Hint:In this question, we will first calculate the volume of the body for which both the mass and density is given using the relation $\rho = \dfrac{m}{V}$ where m is the mass of the object, $\rho $ is the density of the object and V is the volume occupied by the object. Then we shall use the concept of Archimedes principle and calculate the apparent weight for both the objects. It is mentioned that the bodies are in equilibrium. So, we need to balance the apparent weights of both the bodies and calculate the volume of the other body. Finally, we shall calculate the density of the other object again using the density relation $\rho = \dfrac{m}{V}$.

Complete step by step answer:
The density and mass of an object are related as $\rho = \dfrac{m}{V}$ where m is the mass of the object, $\rho $ is the density of the object and V is the volume occupied by the object.
This can be rewritten as $V = \dfrac{m}{\rho }\,\,\,\,\,\,\,\,\,\,\,\,.......(1)$

For the body A:
The mass is given by ${m_A} = 36\,g$
The density is given as ${\rho _A} = 9\,g/cc$
The volume occupied by the object will be given as ${V_A} = \dfrac{{{m_A}}}{{{\rho _A}}}$
Substituting the appropriate values, we get
${V_A} = \dfrac{{36}}{9}$
$ \Rightarrow {V_A} = 4\,cc$

For the body B:
The mass is given by ${m_B} = 48\,g$. The density is given as ${\rho _B}$.The volume occupied by the object will be given as,
${V_B} = \dfrac{{{m_B}}}{{{\rho _B}}}$
Archimedes' principle states that when a body is submerged in a fluid it experiences a buoyant force which is equal to the volume it displaces in the fluid.
The apparent weight of body A is equal to ${W_A} = {m_A}g - {V_A}{\rho _{water}}g$
The apparent weight of body B is equal to ${W_B} = {m_B}g - {V_B}{\rho _{water}}g$
It is given in the question that the two bodies are in equilibrium. This means that the apparent weight must nullify each other.
Hence, we can say that,
${W_A} = {W_B}$
This can be rewritten as
${m_A}g - {V_A}{\rho _{water}}g = {m_B}g - {V_B}{\rho _{water}}g$

Cancelling out the common terms we have,
${m_A} - {V_A}{\rho _{water}} = {m_B} - {V_B}{\rho _{water}}$
Substituting the known values we have,
$36 - 4 \times 1 = 48 - {V_B}$
$ \Rightarrow {V_B} = 16\,cc$
Now using relation (1), we can calculate the density of the body B.
The mass is given by ${m_B} = 48\,g$
The density is given as ${\rho _B}$
The volume occupied by the object will be given as ${V_B} = \dfrac{{{m_B}}}{{{\rho _B}}}$
This can be written as $16 = \dfrac{{48}}{{{\rho _B}}}$
$ \therefore {\rho _B} = 3g/cc$

Therefore, option C is the correct answer.

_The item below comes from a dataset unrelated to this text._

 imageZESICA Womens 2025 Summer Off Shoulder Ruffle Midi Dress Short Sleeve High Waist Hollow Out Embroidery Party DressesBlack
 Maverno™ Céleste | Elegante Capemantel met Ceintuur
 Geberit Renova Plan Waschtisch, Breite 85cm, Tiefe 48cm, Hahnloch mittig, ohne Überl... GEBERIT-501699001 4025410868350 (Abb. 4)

Note:Mass and weight are synonymous terms and often are misinterpreted by the students. Mass is the measure of the matter contained in an object. It is fixed and is a fundamental property. However, weight is a force that is experienced by an object by the virtue of its mass. It can be changed under different experimental conditions and so is not fixed.